No Boris Johnson you just will not do, you are past your sell-by date and it is time you are turned out into the bin of obscurity.
Ian Auchterlonie. Denoon Terrace, Dundee.
Buck stopped with Starmer over Savile
Sir, – When in charge of my companies I made decisions and also tried to delegate responsibilities – but, inevitably, when mistakes occurred guess who took the flak?
You got it. So how on earth is it different for the director of public prosecutions and the head of the Crown Prosecution Service (CPS)? Talking about Sir Keir Starmer, of course.
He was in charge when the CPS decided not to prosecute Sir Jimmy Savile which was clearly the wrong decision, so why is it wrong to remind everyone that the leader of the Labour Party, Starmer, made a serious error of judgment and should be embarrassed about it.
His allies claim he was not intimately involved in that decision, to which I would say – firstly, he was ultimately responsible and, secondly, it was not a small-beer issue. Savile was someone who rubbed shoulders with the rich, the famous and royalty – don’t tell me Starmer didn’t know what was going on in his offices with such a high-profile case.
If anyone should apologise it is Sir Keir Starmer, again.

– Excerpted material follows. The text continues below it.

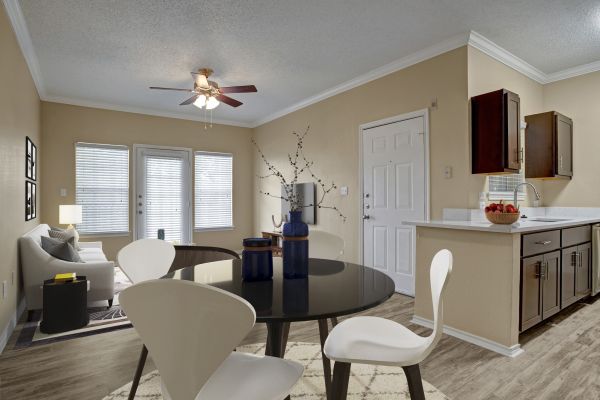 Arbors at Wolf Pen Creek apartment living room interior with modern furnishings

Stan Hogarth. Young Street, Strathaven.
Be careful what you wish for on pensions
Sir, – You need to have paid 35 years of contributions to get the full UK pension of £179.60 a week.
You have no entitlement until you have paid in for 10 years.
This means at the date of independence most people under 30 would have no entitlement to a UK pension.
Someone under 40 who’d paid in for 20 years would have 10 years’ entitlement, around £50 per week.
The Scottish Government has committed to honouring current UK entitlements, so my advice to their target younger voters is… be careful what you wish for, whichever government will actually be paying for it.
Allan Sutherland. Willow Row, Stonehaven.
Government did not mandate door plan
Sir, – I find it difficult to write this letter, as I am still in stitches after reading Jane Lax’s letter last week, which lacks accuracy.
First, it is not the Scottish Government that has mandated the removal of the bottom of classroom doors, it is a local authority that has introduced this change. ScotGov, simply provides the money to execute the local council plan. Second, with councils repeatedly complaining they are strapped for cash, what better than a solution to the classroom ventilation problem which uses no moving parts other than a saw once (possibly powered), and has no downstream maintenance cost.
Fire doors are not intended to be affected, as fire doors are normally open and only unlocked to close in the event of a fire, so that story is another porky.
I would presume that the local council will have sought advice from their local fire and rescue service expert, and will be guided by their advice.
Third, the Liberal Democrat Party leader Mr Cole-Hamilton was advising that each classroom has a Hepa filter and ventilation system installed, to suck out air potentially with Covid virus load as the virus dies after some hours, and the filters may need replacing every week or so (my guess). I checked and Mr James Dyson offers a lovely-looking product costing £469. Others are available.
There are 5,000 schools with on average 30 classrooms, this equates to 150,000 Dyson devices costing a cool (only if you don’t ask for that option) £75 million. That could cut across the additional £20 benefit to lower-income families due in March.
Lack water and you can survive three days, then walking to get water becomes difficult to impossible.
Lack food and it takes about two weeks before your body has broken down your fat store and muscle tissue to stay alive. The fatter you are the longer you survive.
There are more than 150,000 families in Scotland in poverty, and needing help – thankfully, we Scots are up for helping others.
And I am now greetin’ at what I am typing.
Alistair Ballantyne. Birkhill, Angus.